I really liked this comment from Asteve, who left it on one my recent blog posts. I think this is a deep insight into how banks really work.

Bonuses are not, in my opinion, about "retaining talent" (for that, it would be best to compete on salary.) I think bonuses are both a bribe and a threat to employees to keep quiet about anything they see that looks dodgy - since, otherwise they may lose personally.

It encourages employees to be complicit in any fraud they discover... and, what's more, by making the bonus culture pervasive within the industry, it encourages a even those with ethics to consider their colleagues before blowing the whistle.

20 comments:

Anonymous said...

"...since otherwise they might lose personally."

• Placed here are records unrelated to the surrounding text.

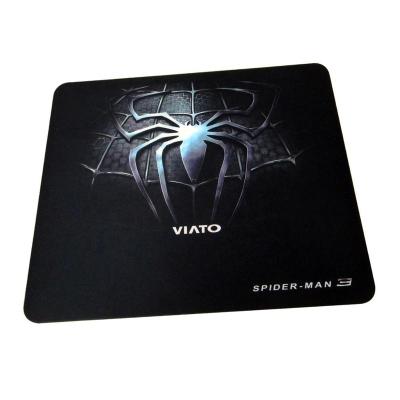 China Printed Eco-friendly Rubber Gaming Mouse Pad for sale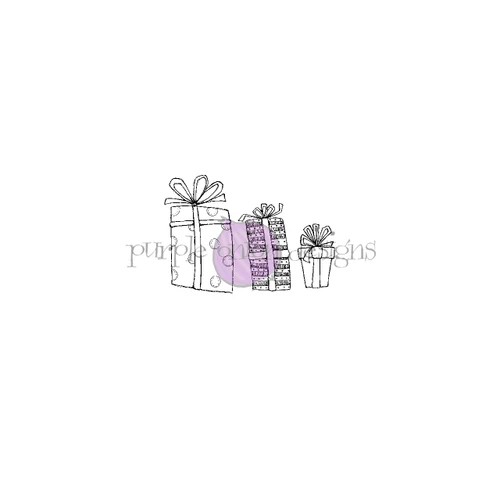 Purple Onion Designs | Little Packages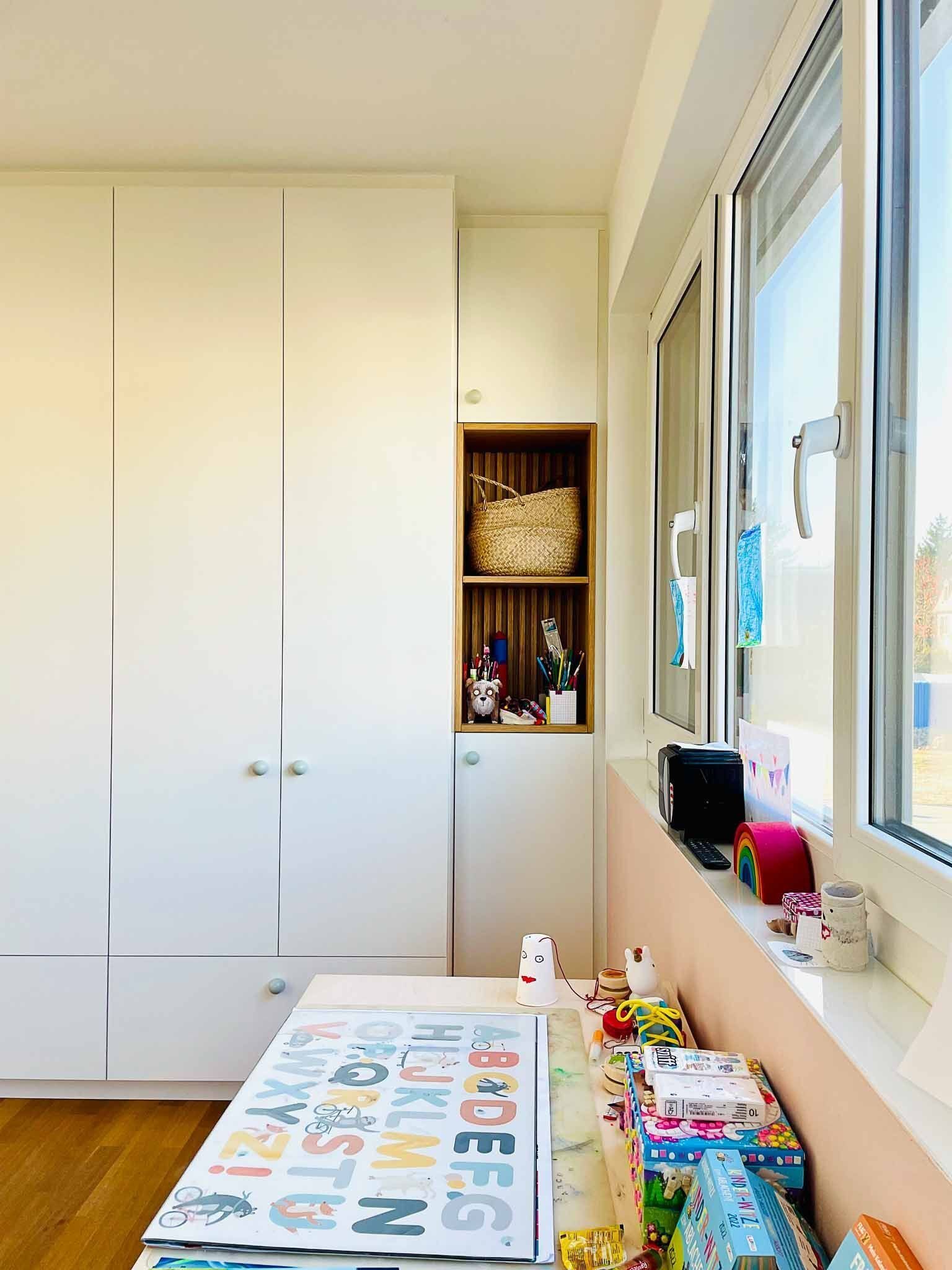 Pautz Möbelmanufaktur - Einbauschrank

Do you know - I'm so used to seeing the word 'lose' erroniously spelt 'loose' that I thought this was wrong at first ?

(Also 'brought' instead of 'bought'.)

Anonymous said...

so that is the famous bonus culture; mostly fear with a little greed.

CharlieMcMenamin said...

Falkenbloghttp://falkenblog.blogspot.com/2009/02/righteous-bonuses.html doesn't agree. According to him big financial firms have to pay their dealers excessive amounts, including obscene bonuses, 'cos otherwise the traders just have an incentive to 'give away' securities to friends thus 'building up a set of favors for his next position.' Management can't control this because they don't have the time or technical skills to do so, but, nonetheless, get awarded a cut of the trader's performance in the form of their own obscene bonuses. By this account, then, the financial sector has fallen prey to wholesale provider capture and there is no obvious way out.

Anonymous said...

I consider myself to be honest, but if offered a £1M bonus to suspend my critical faculties and get on with the job I'm sure my honesty would be put on hold until next year. Anyone saying otherwise, especially the lame brains joining the hue and cry against the bankers now, are fooling themselves.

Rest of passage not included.